Overpaying For Performance?
I suppose one of the bugbears of many investors, large and small in every market is the amount of money fund managers make and the excuses they invent when they don’t perform.
The complaints are similar the world over, even from someone like Warren Buffett.
…………………………….
Wall Street’s Pied Pipers of Performance will have encouraged the futile hopes of the family. The hapless Gotrocks will be assured that they all can achieve above-average investment performance – but only by paying ever-higher fees. Call this promise the adult version of Lake Woebegon.
In 2006, promises and fees hit new highs. A flood of money went from institutional investors to the 2-and-20 crowd (that’s private equity).
For those innocent of this arrangement, let me explain: It’s a lopsided system whereby 2% of your principal is paid each year to the manager even if he accomplishes nothing – or, for that matter, loses you a bundle – and, additionally, 20% of your profit is paid to him if he succeeds, even if his success is due simply to a rising tide.
For example, a manager who achieves a gross return of 10% in a year will keep 3.6 percentage points – two points off the top plus 20% of the residual 8 points – leaving only 6.4 percentage points for his investors.
On a $3 billion fund, this 6.4% net “performance” will deliver the manager a cool $108 million.
He will receive this bonanza even though an index fund might have returned 15% to investors in the same period and charged them only a token fee.
Let me end this section by telling you about one of the good guys of Wall Street, my long-time friend Walter Schloss, who last year turned 90. From 1956 to 2002, Walter managed a remarkably successful investment partnership, from which he took not a dime unless his investors made money.
My admiration for Walter, it should be noted, is not based on hindsight.

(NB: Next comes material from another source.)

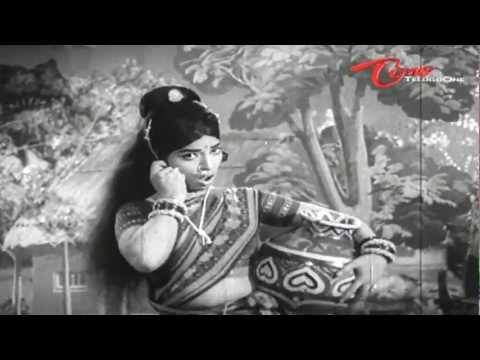 Mooga Prema Songs - Naaguleti Vaagulona Kadava Munchabotunte - Sobhan Babu - Vanisri - 02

A full fifty years ago, Walter was my sole recommendation to a St. Louis family who wanted an honest and able investment manager.
Walter did not go to business school, or for that matter, college. His office contained one file cabinet in 1956; the number mushroomed to four by 2002. Walter worked without a secretary, clerk or bookkeeper, his only associate being his son, Edwin, a graduate of the North Carolina School of the Arts.
Walter and Edwin never came within a mile of inside information.
Indeed, they used “outside” information only sparingly, generally selecting securities by certain simple statistical methods Walter learned while working for Ben Graham.